Semi-join subquery optimizations
Contents
MariaDB has a set of optimizations specifically targeted at semi-join subqueries.
What is a semi-join subquery
A semi-join subquery has a form of
SELECT ... FROM outer_tables WHERE expr IN (SELECT ... FROM inner_tables ...) AND ...
that is, the subquery an IN-subquery and it is located in the WHERE clause. The most important part here is that with semi-join subquery, we're only interested in records of outer_tables that have matches in the subquery. Let's see why this is important. Consider a semi-join subquery:
select * from Country where Continent='Europe' and Country.Code in (select City.country from City where City.Population>1*1000*1000);
One can execute it "naturally", by starting from Countries in Europe and checking if they have populous Cities:
The semi-join property also allows to execute "backwards": we can start from big Cities, and check which countries they are in:
To put things in contrast, let's change the subquery to be non-semi-join:
select * from Country where Country.Continent='Europe' and (Country.Code in (select City.country from City where City.Population>1*1000*1000) or Country.SurfaceArea > 100*1000 -- Added this part );
It is still possible to start from countries, and then check
- If a country has any big cities
- if it has a large surface area:
The opposite, city-to-country way is not possible. This is not a semi-join.

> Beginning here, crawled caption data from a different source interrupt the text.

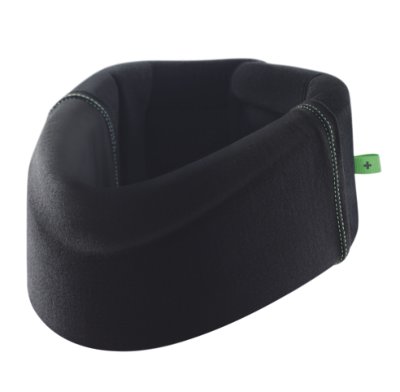 Cervicalstütze Cellacare Cervical Plus Classic schwarz-grün>>>>Ausf.: Kinnhöhe 7,5 cm Gr. 2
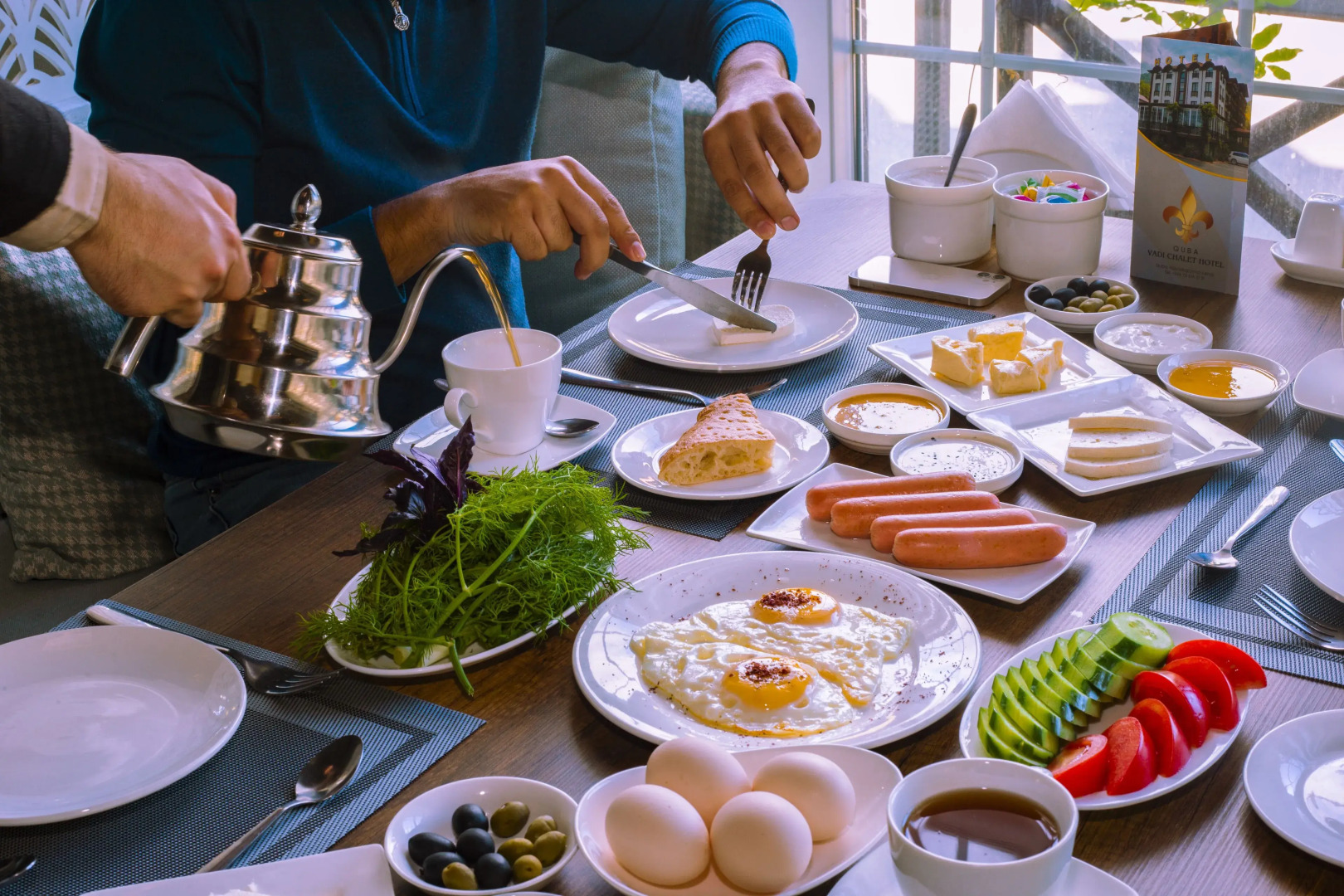 Quba Vadi Chalet Hotel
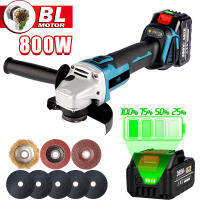 125MM Brushless Impact ลูกหมูไฟฟ้าตัดตัดขัด3 Speed Variable สำหรับ Makita 18V Lithium Ion ปลั๊กอียูแบตเตอรี่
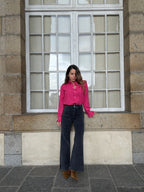 Elenette Anthracite Grey Jeans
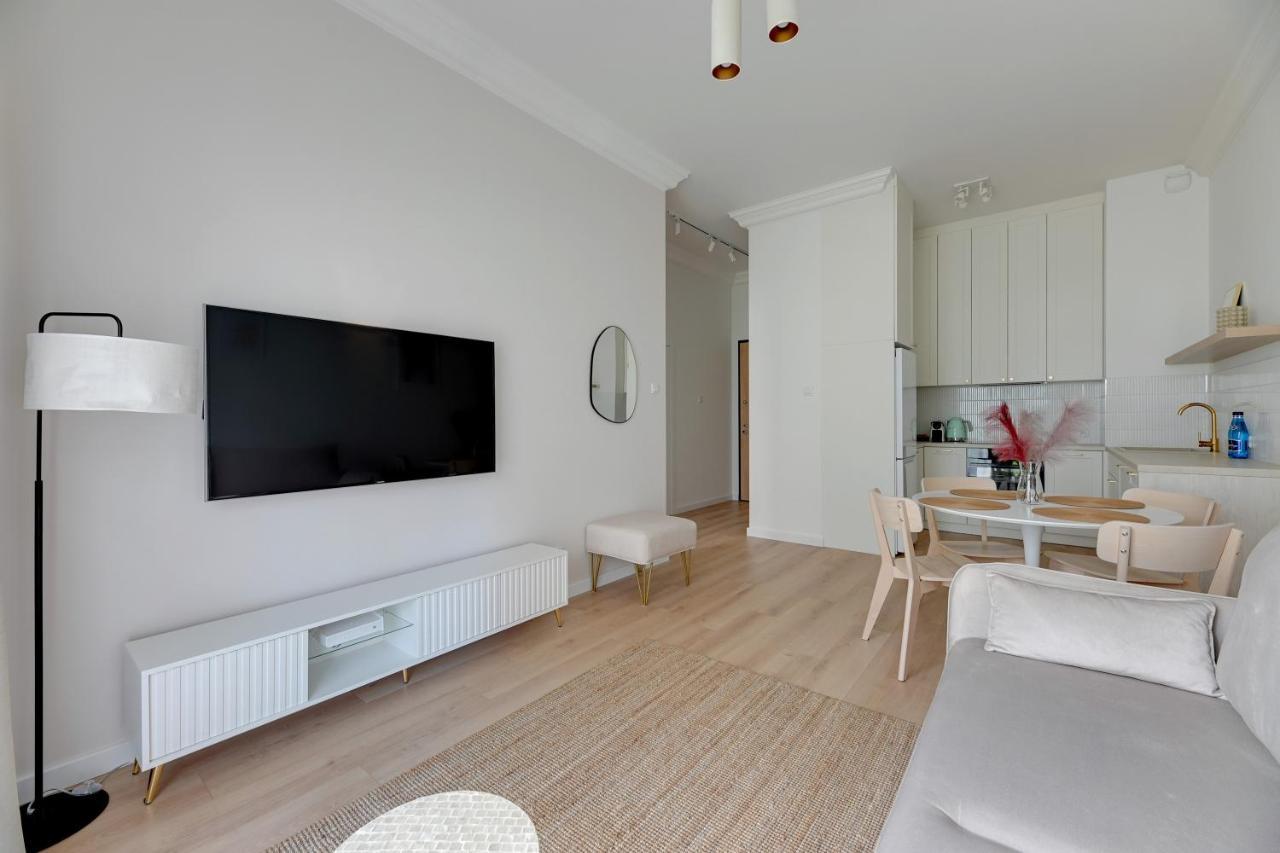 Zajezdnia Wrzeszcz Seaside & Parking By Downtown Apartments Gdansk Luaran gambar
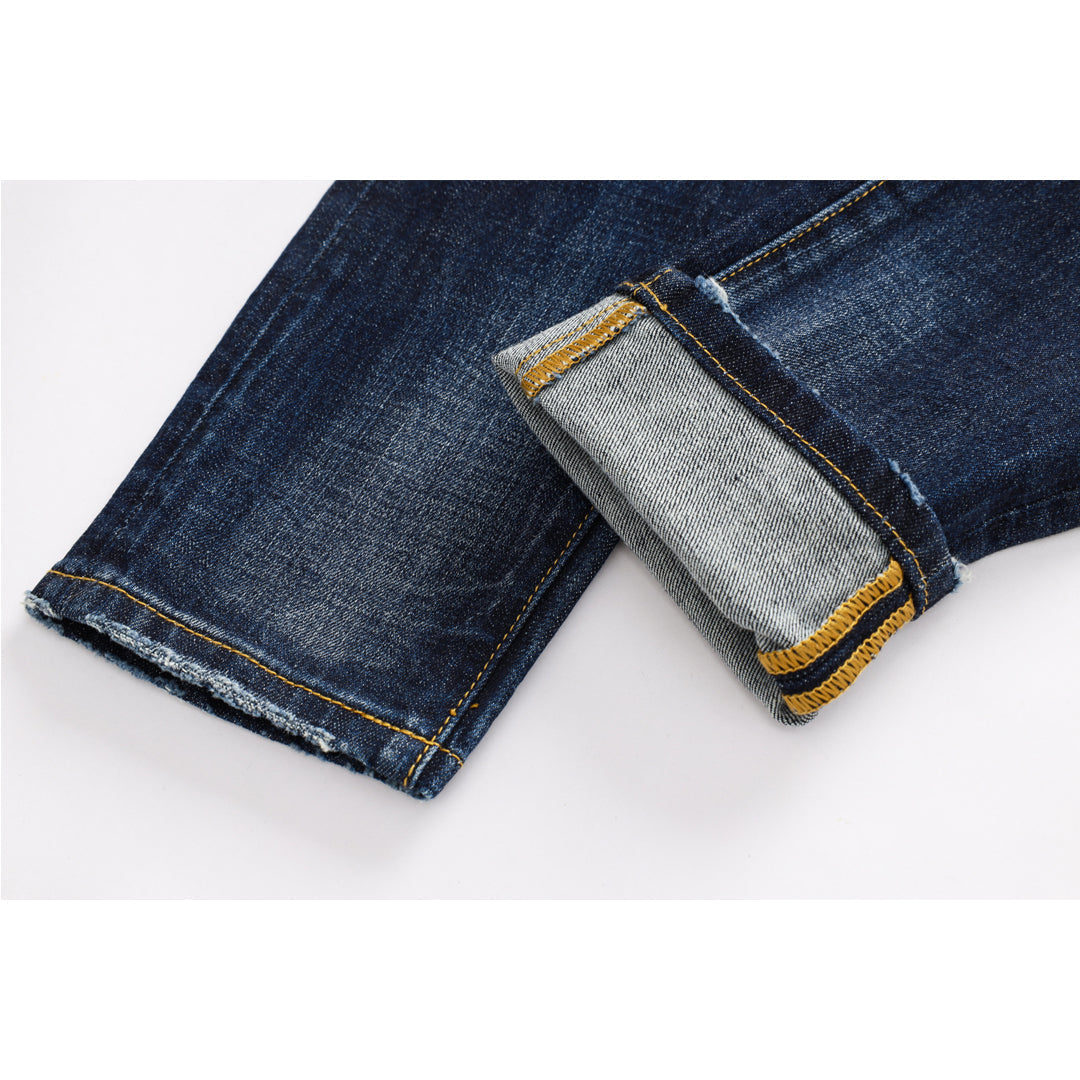 New-DSQ2 tight nightclub Jeans
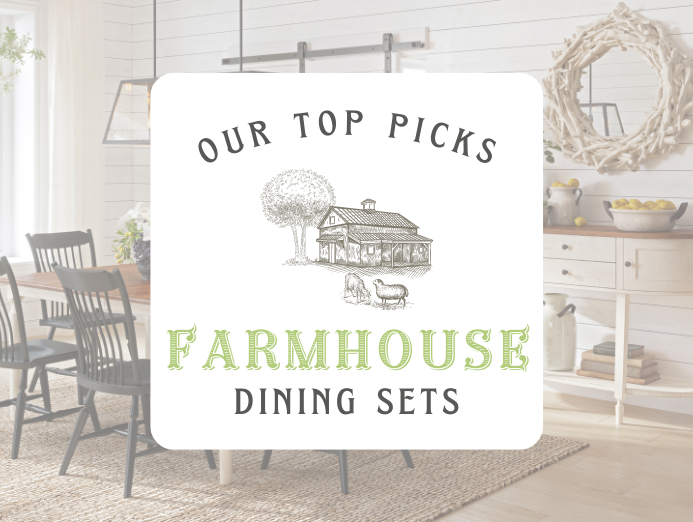 Our 2024 Picks for Best Farmhouse Dining Table Sets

How semi-joins are different from joins
Semi-join operation is similar to regular relational join. There is a difference, though: with semi-join, you don't care how many matches inner table has for an outer row. In the above countries-with-big-cities example, Germany will be returned once, even if it has three cities with population of more than one million.
Semi-join optimizations in MariaDB
MariaDB uses semi-join optimizations to run IN subqueries starting from MariaDB 5.3. Starting in MariaDB 5.3.3, Semi-join subquery optimizations are enabled by default. You can disable them by turning off their optimizer_switch flag like so:
SET optimizer_switch='semijoin=off'
MariaDB has four different semi-join execution strategies:
- Table pullout
- Materialization
- LooseScan
- DuplicateWeedout